CS 325 - Week 14 Lecture 1 - 2016-11-29

*   a few more locking-related comments:
    *   we know locking helps to achieve ISOLATION

    *   it can be shown that locking alone does not
        guarantee serializability

    *   ONE way to also achieve serializability with
        locking is to ADD a PROTOCOL,
	for example:

	TWO-PHASED LOCKING
        *   with this protocol/strategy,
	    a transaction obtains locks as desired,
	    EXCEPT!!! once it RELEASES any lock,
	    it cannot abtain ANY MORE

	    (and once you enforce this,
	    it results in a transaction having a
	    "growing phase", in which locks are obtained,
	    and a "shrinking phase", in which locks are released)

            ^ it can be shown that this can guarantee
	      you serializability;

        *   a more-restrictive BUT easier-to-implement
	    VARIATION/version of two-phased locking
	    (used by IBM's DB2, for example)
	    is to simply NOT release any of
	    a transaction's obtained locks until
	    a COMMIT or ROLLBACK is issued; ...!

*   remember (from our earlier discussion)
    that another potential issue when using
    locking approaches is DEADLOCK
    *   you have a cycle that is a deadly embrace,
        one or more transactions waiting for something
	the other(s) have, such that they are "stuck"

    *   there are several approaches/strategies for
        dealing with deadlock...
	*   timeouts - after a transaction has waited
	    a system-specified amount of time,
	    it is aborted and restarted in case a
	    deadlock MIGHT have occurred

        *   detection - allow deadlock to occur,
	    detect it (look for a cycle in the resource
	    graph, for example), and break the deadlock
	    if detected
	    
        *   prevention - preventing deadlock from
            occurring at all
	    *   a transaction requesting a lock is 
	        immediately aborted if there is a  
		POSSIBILITY that deadlock might occur
		
		...seek to avoid the conditions that lead
		to deadlock;

        *   avoidance - for example, require a transaction
	    to lock ALL of the resources it needs 
	    at once, before allowing it to execute at all

        *   and sometimes, NONE of the above...
	    (just let deadlock occur, and wait for some
	    human intervention to break the deadlock...!)

*   not all concurrency control approaches are lock-based;
    as an EXAMPLE of another way,
    consider this version of TIMESTAMPING

    *   timestamping is another class/category of
        algorithms for concurrency control;

    *   here's one example: 
        *   when a transaction is started, it is assigned
	    a time stamp

        *   time stamp: global, unique for each transaction,
            and is monotonic (ever-INCREASING)

        *   all db operations of a transaction are considered
	    as having the time stamp of that transaction

        *   the DBMS then ensures that any *CONFLICTING*
	    operations are executed in time stamp order -
	    this will ensure SERIALIZABILITY

            *   and IF a transaction is about to do a conflicting
	        operation in NON-timestamp order,
		the DBMS aborts it, rolls it back,
		and restarts it (giving it a new, bigger timestamp)

    *   consider: with each data item Q,
        you could associate two time stamps:

	*   W-timestamp(Q) - the largest time stamp of any
	        transaction SUCCESSFULLY writing Q
	*   R-timestamp(Q) - the largest time stamp of any
	      transaction SUCCESSFULLY reading Q


        *   say, then, that Ti wants to read(Q).
	    *   say that TS(Ti) is the time stamp of Ti

            *   if TS(Ti) < W-timestamp(Q),
	        that's a problem!
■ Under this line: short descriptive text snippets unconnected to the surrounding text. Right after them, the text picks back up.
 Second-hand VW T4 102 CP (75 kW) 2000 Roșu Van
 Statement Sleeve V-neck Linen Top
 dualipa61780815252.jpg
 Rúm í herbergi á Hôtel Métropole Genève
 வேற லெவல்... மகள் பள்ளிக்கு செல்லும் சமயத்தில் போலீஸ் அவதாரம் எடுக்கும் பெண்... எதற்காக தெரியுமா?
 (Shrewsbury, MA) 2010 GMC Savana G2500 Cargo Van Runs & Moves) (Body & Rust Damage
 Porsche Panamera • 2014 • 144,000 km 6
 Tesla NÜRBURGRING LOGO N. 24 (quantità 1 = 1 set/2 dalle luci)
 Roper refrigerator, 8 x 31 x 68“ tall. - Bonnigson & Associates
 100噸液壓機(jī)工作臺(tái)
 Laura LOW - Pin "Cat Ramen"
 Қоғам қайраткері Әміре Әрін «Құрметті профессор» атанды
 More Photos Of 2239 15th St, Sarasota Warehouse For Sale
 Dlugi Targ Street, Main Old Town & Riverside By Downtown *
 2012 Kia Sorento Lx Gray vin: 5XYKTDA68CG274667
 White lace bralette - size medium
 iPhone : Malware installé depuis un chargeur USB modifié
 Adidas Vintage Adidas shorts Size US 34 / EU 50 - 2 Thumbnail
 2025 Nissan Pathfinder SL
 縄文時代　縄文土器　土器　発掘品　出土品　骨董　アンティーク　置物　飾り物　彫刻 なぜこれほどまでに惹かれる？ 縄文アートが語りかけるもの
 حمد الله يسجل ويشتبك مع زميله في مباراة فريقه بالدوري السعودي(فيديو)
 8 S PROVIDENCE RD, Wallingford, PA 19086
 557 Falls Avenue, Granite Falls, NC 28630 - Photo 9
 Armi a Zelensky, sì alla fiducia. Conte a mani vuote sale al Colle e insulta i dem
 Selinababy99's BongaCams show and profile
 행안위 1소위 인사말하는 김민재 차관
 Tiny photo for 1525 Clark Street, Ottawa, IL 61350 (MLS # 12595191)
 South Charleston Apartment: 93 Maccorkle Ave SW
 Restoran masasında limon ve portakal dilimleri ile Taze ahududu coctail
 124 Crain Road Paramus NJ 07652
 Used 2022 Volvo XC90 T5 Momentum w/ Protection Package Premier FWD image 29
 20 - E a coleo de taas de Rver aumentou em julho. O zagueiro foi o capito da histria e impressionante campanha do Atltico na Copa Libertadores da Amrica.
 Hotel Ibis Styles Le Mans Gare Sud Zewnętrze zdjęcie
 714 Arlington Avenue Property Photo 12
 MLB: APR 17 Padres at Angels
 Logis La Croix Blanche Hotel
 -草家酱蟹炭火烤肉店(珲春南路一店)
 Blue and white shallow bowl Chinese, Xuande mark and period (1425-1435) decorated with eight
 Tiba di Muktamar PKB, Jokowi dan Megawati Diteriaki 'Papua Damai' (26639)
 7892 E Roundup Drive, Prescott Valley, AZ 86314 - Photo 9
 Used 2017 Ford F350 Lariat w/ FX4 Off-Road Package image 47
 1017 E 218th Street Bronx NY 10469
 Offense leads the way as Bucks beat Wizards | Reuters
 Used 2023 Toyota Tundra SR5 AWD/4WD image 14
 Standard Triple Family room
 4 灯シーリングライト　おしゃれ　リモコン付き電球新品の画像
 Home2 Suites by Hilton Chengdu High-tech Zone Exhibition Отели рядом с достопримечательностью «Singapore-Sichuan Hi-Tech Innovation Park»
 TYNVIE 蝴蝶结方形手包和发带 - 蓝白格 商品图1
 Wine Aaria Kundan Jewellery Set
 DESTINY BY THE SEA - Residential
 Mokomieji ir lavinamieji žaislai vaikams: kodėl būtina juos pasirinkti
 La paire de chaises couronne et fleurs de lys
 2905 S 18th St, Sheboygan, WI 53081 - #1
Ti "should" (based on timestamp
		    ordering) have read Q before this write --

		    SO, the read is rejected,
		    abort Ti and restart it with a new time stamp;

           *   if TS(Ti) >= W-timestamp(Q),
	       that's fine!
	            read WILL be executed,
		    R-timestamp(Q) will be set to max(R-timestamp(Q), TS(Ti))


        *   say, then, that Ti wants to write(Q).
	    *   say that TS(Ti) is the time stamp of Ti

            *   if TS(Ti) < R-timestamp(Q),
	        that's a problem! Ti "should" (based on timestamp
		    ordering) have written Q before the earlier read --

		    SO, the write is rejected,
		    abort Ti and restart it with a new time stamp;

            *   if TS(Ti) < W-timestamp(Q),
	        that's a problem! Ti "should" (based on timestamp
		    ordering) have written Q before the earlier write --

		    SO, the write is rejected,
		    abort Ti and restart it with a new time stamp;

           *   if TS(Ti) >= W-timestamp(Q),
	       that's fine!
	            write WILL be executed,
		    W-timestamp(Q) will be set to TS(Ti)